Pictures appear among the records below and must be omitted. Repeat exactly the lines from the line with "Фото Шаговый двигатель" to the line with "Men's Cordless Hoodie", both included.

Records to use:
=== Begin Enclosure ===

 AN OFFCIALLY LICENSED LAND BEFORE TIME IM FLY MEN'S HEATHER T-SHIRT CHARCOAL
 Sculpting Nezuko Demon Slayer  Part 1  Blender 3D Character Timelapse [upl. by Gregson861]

=== End Enclosure ===
=== Begin Enclosure ===

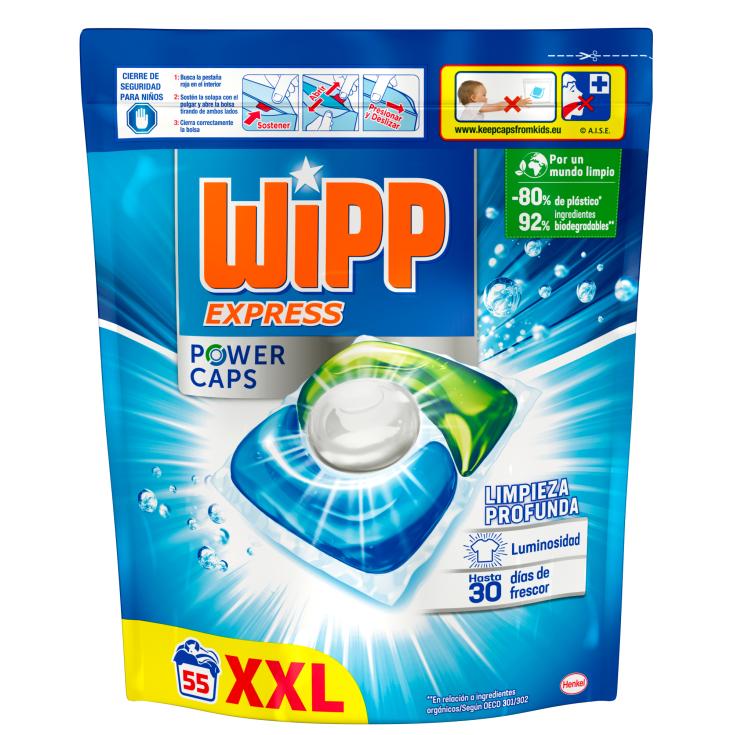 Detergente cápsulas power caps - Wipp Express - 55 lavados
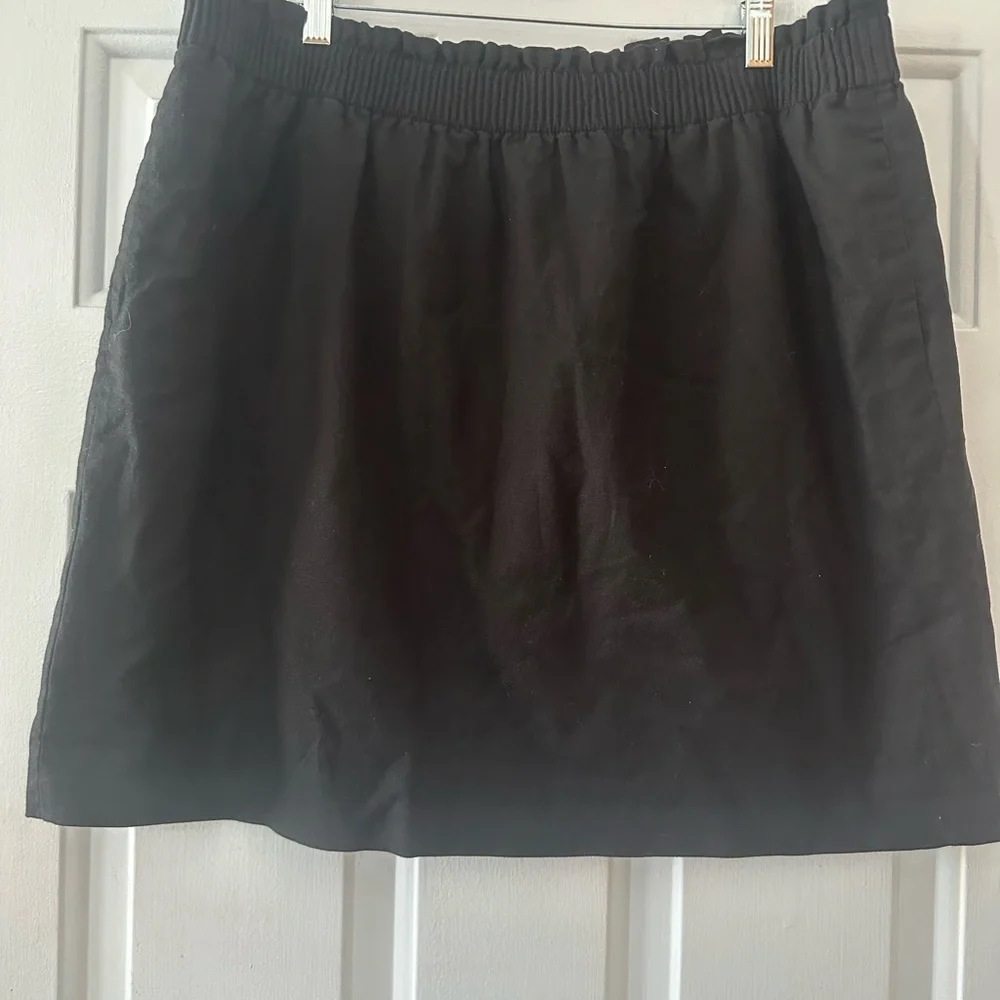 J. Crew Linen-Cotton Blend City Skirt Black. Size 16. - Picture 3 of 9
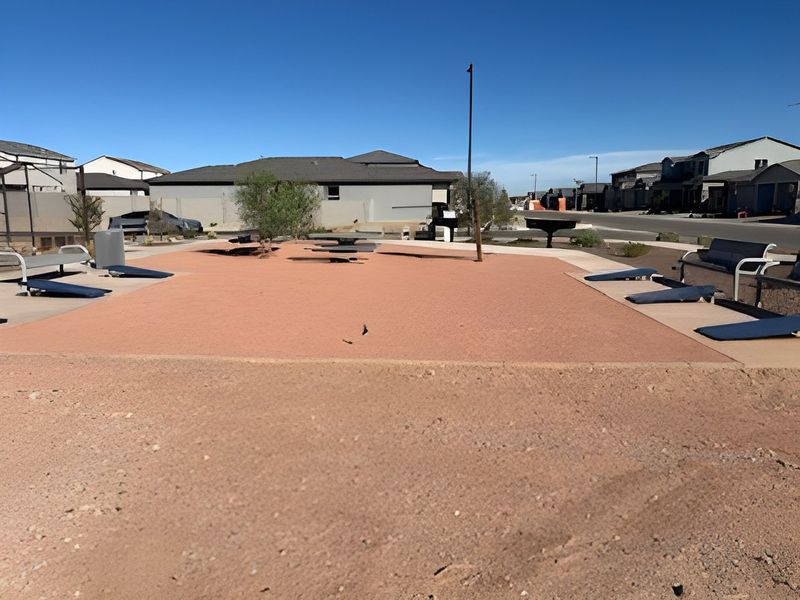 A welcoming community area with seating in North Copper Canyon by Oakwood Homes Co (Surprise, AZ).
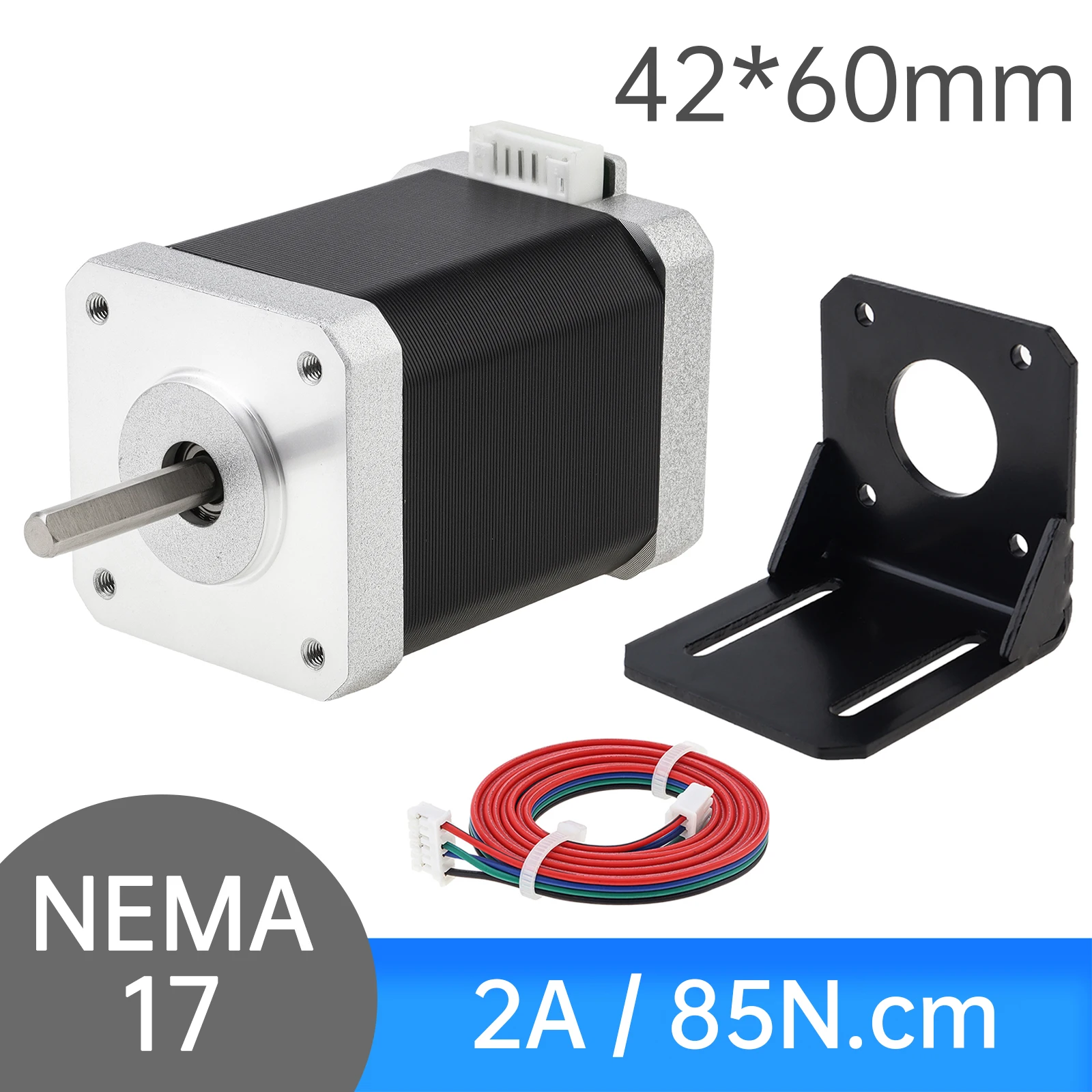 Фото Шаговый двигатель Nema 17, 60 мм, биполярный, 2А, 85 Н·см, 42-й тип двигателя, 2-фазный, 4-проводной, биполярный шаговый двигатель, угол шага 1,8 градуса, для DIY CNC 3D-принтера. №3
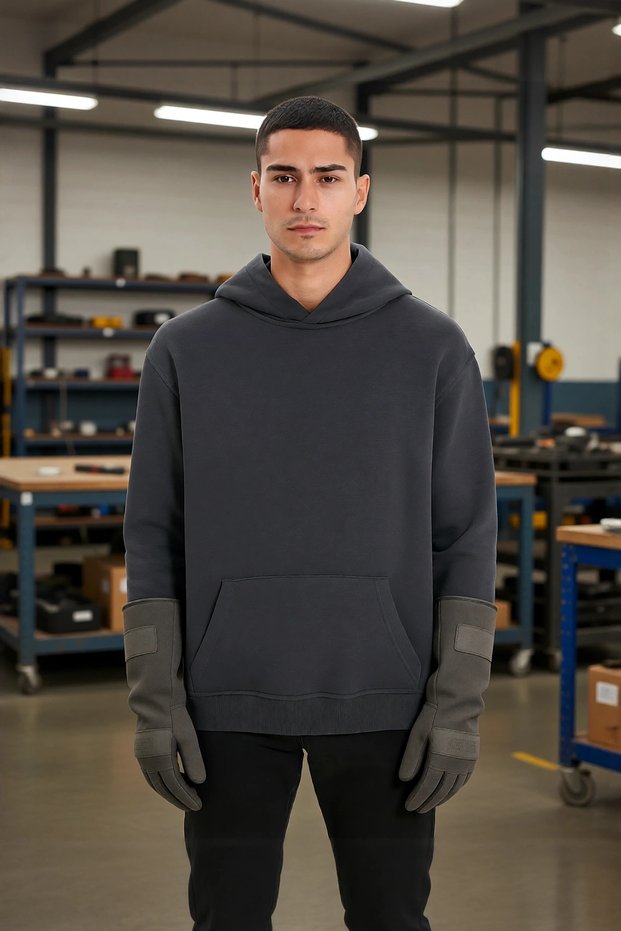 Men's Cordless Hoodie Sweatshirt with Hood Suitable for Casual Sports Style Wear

=== End Enclosure ===

Exercise solution:
 Фото Шаговый двигатель Nema 17, 60 мм, биполярный, 2А, 85 Н·см, 42-й тип двигателя, 2-фазный, 4-проводной, биполярный шаговый двигатель, угол шага 1,8 градуса, для DIY CNC 3D-принтера. №3
 Men's Cordless Hoodie Sweatshirt with Hood Suitable for Casual Sports Style Wear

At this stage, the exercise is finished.